> [WORK ORDER] Each line of the material below must be transcribed exactly.

> [EXCERPTED DATA]
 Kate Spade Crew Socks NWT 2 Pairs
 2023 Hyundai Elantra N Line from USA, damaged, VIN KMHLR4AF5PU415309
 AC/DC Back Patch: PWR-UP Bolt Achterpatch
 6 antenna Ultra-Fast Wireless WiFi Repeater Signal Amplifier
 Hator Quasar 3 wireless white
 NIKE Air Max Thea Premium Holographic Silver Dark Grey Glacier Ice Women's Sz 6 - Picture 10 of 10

> [TASK RESPONSE]
 Kate Spade Crew Socks NWT 2 Pairs
 2023 Hyundai Elantra N Line from USA, damaged, VIN KMHLR4AF5PU415309
 AC/DC Back Patch: PWR-UP Bolt Achterpatch
 6 antenna Ultra-Fast Wireless WiFi Repeater Signal Amplifier
 Hator Quasar 3 wireless white
 NIKE Air Max Thea Premium Holographic Silver Dark Grey Glacier Ice Women's Sz 6 - Picture 10 of 10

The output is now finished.